A congressional report has faulted the Bush administration's use of
tax dollars to pay for political campaigning in Nevada and other states.

At issue is White House drug "czar" John Walters and his campaign
trips to Nevada, Utah and Missouri to campaign against local ballot
measures in 2006.

The report by the U.S. House Committee on Oversight and Government
Reform found that White House aide Karl Rove's office requested
special help for Republican congressional candidates who were in
election trouble in the months before the 2006 elections, and Walters
leaped at the chance to campaign, being called a "superstar" by a
Rove aide. Walters called news conferences in the states at which he
doled out half-million-dollar grants with the congressmembers--two
U.S. House members and a senator--at his side, the grants serving as
the pretext for his campaigning.

Walters' uses of tax funds in Nevada were previously criticized not
just in 2006 but in earlier campaigns. Walters refused a demand from
Nevada Secretary of State Dean Heller that he file the required
campaign disclosure forms for his political trips in 2002. Nevada
Attorney General Brian Sandoval criticized Walters' behavior, but no
accounting of taxpayer dollars expended in Nevada by Walters was ever
made. The White House also ignored an order for an explanation from
the Nevada Supreme Court, and the court ultimately declined to act.

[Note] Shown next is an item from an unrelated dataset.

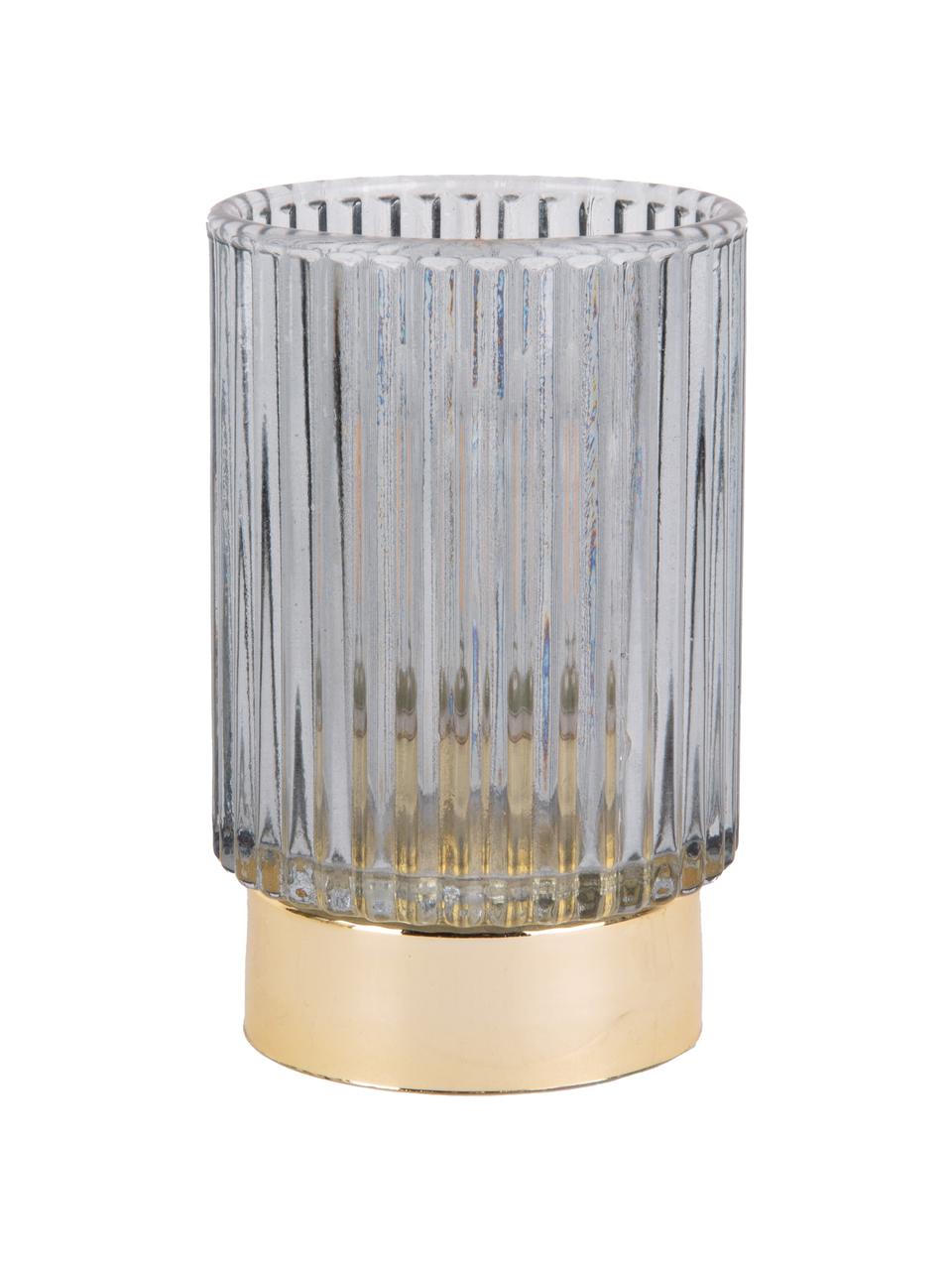 LED-Kerze Ribbed mit Glas, Glas, Blau, Ø 9 x H 13 cm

Last week, the House report called the White House conduct "a gross
abuse of the public trust."

The report was issued by the committee majority, but in the earlier
Nevada case, Heller and Sandoval are both Republicans. George Bush's
spokesperson called the report "an attempt to score political points."

In a similar and local vein, the Washoe Regional Transportation
Commission has sent out a second political mailing to sell the voters
on a ballot initiative. Where the previous mailing, costing an
estimated $20,000 in tax funds, attempted to sell the public on two
tax hike initiatives, the new mailing promotes only one, RTC 5, which
would allow subsequent tax increases without a public vote. The RTC
says these mailings are solely designed to inform the public, but
they are not sent to all households, only to those with registered voters.